Una historia cada vez más singular en ‘Dept. Q’
En un género donde el exceso suele disfrazarse de profundidad, Dept. Q a veces cae en su propia trampa. La investigación de Lingard se extiende a lo largo de nueve episodios, y aunque hay tensión sostenida, también hay momentos donde el relato flojea. Se multiplican las entrevistas, las pistas falsas, los personajes secundarios con agendas dudosas. El resultado es una narrativa que por momentos parece un laberinto sin salida.
Aun así, el corazón de la serie late con fuerza en cada escena que involucra a Matthew Goode. Su Morck no encaja en los moldes clásicos del detective atormentado, y es precisamente su inestabilidad, su cinismo agudo, lo que lo hace fascinante. Especialmente destacables son sus momentos con Jasper (Aaron McVeigh), su hijastro, donde se revela un lenguaje emocional indirecto, torpe, real. Un hombre quebrado que intenta no romper todo lo que toca.
Pese a sus irregularidades, Dept. Q tiene algo que muchas series desean y pocas consiguen: identidad. Su mezcla de crudeza escocesa, trauma emocional y humor disonante le da un tono propio, reconocible. Para los fanáticos del género policiaco con tintes psicológicos, es un festín. Pero su verdadero potencial está aún por explotar. Si Netflix decide continuar adaptando la saga de Adler-Olsen — que, recordemos, cuenta con diez novelas y sigue creciendo — , hay material de sobra para al menos media década de contenido.

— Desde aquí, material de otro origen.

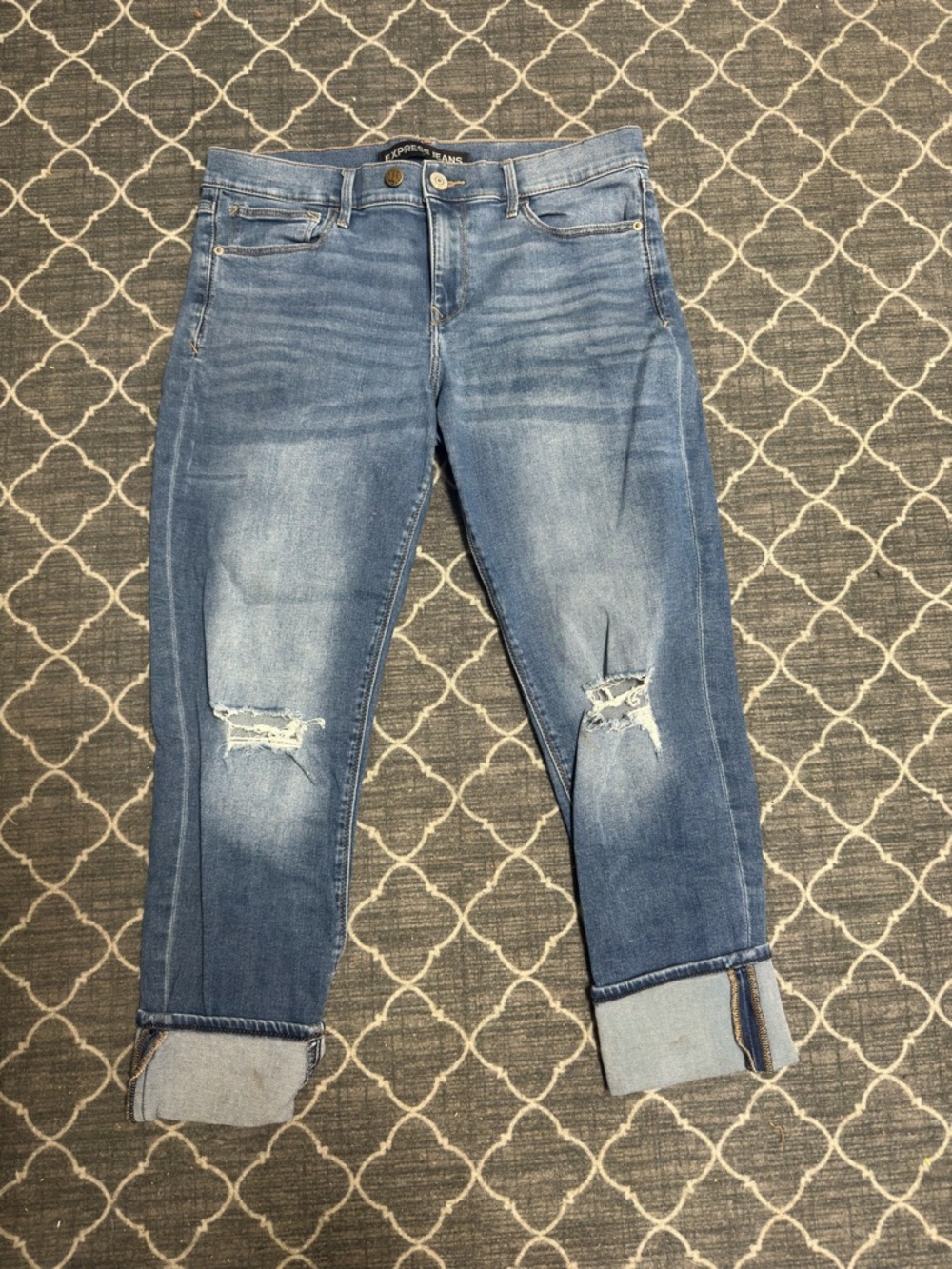Express Women’s Light Blue Distressed Ankle Jeans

Cambiar la ambientación de Dinamarca a Escocia ha resultado ser una jugada interesante, dotando a la historia de un nuevo paisaje emocional. Ahora bien, si el proyecto quiere perdurar, deberá pulir su equilibrio entre ritmo y desarrollo de personajes. Con un poco de poda narrativa y mayor profundidad en sus secundarios, esta serie podría convertirse en una joya del género. Por ahora, lo que nos deja es una promesa. La de un viaje a los lugares más oscuros del comportamiento humano, en el que aún quedan muchas puertas por abrir.